In memory of Spyros A. Evangelatos

Amyntas
by George Mormoris

A 1745 pastoral comedy


After its premiere at the Athens Festival 2016, the final work directed by Spyros Evangelatos in his lifetime will be again presented this year at the Odeon of Herodes Atticus, in loving memory of the late and great director and scholar. In his text for last year’s programme, Spyros Evangelatos wrote the following: “In 1745, a colloquial Greek translation of Torquato Tasso’s Aminta was published anonymously in Venice. Some years ago, I had the good fortune to discover the identity of the anonymous translator: George Mormoris (1720-1790), a scholar and poet from the island of Kythera. Amyntas belongs to the genre of pastoral comedy (commedia pastorale). The play is set in a forest full of love-struck shepherds, sheep, virgin Amazons, wild beasts that were never native to Europe, and legendary creatures such as satyrs, dragons and deities of love. Numerous European dramatists have been influenced by the popular pastoral genre, including Shakespeare himself in plays such as A Midsummer Night’s Dream, As You Like It, and The Tempest.
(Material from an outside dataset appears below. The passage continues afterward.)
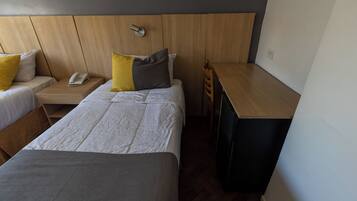 Habitación de hotel con dos camas, un escritorio, una silla y un teléfono.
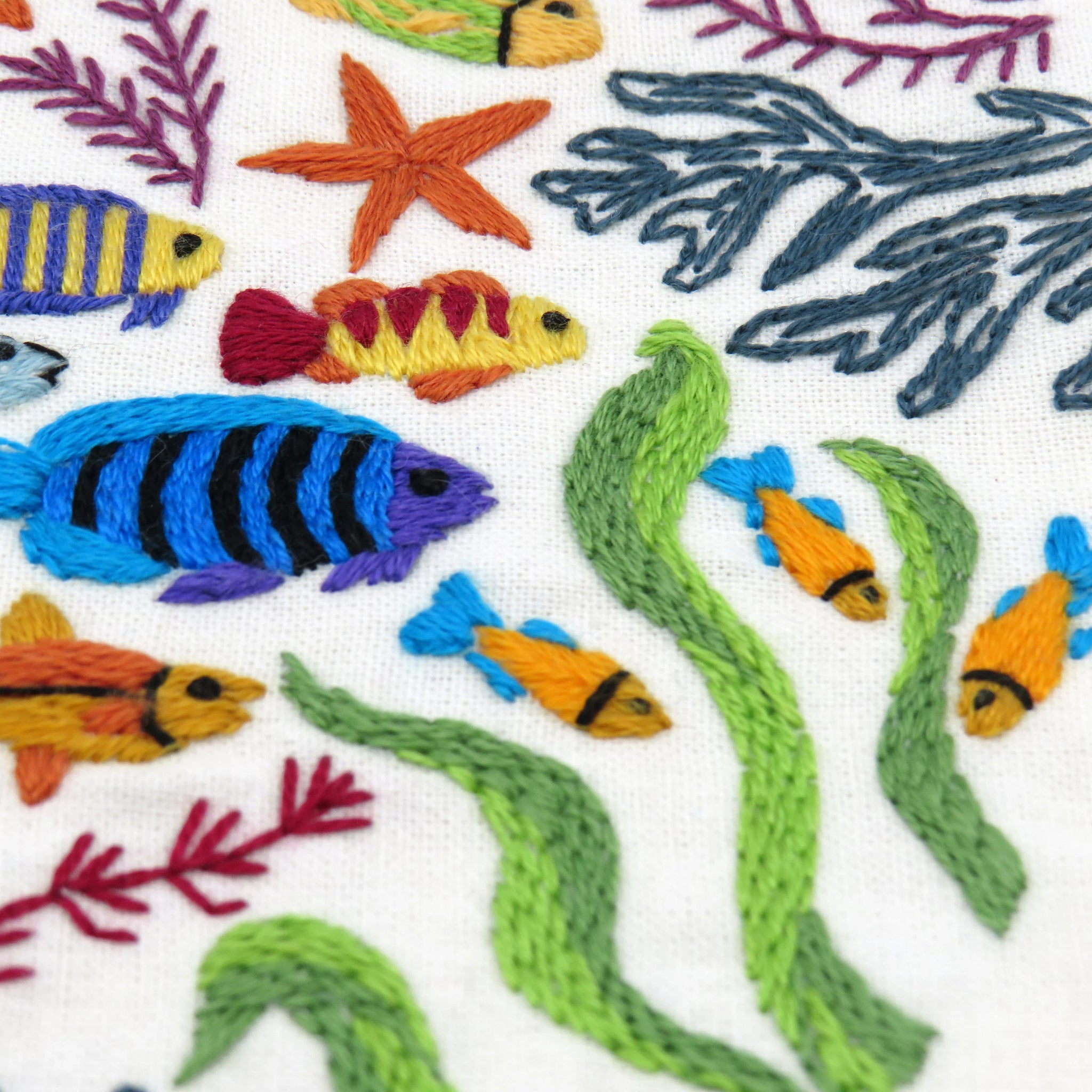 Embroidered pattern of colorful fish and seaweed on a white background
Mormoris’ Greek text exudes a freshness and a youthfulness and is noted for its charming humour, its striking language, a mixture of colloquial Greek of the time with the local variety of Kythera, and its scholarly or pseudo-scholarly elements. The production seeks to convey a dreamlike sense, moving to and fro between the atmospherics of a benign nightmare and a poetic farce.”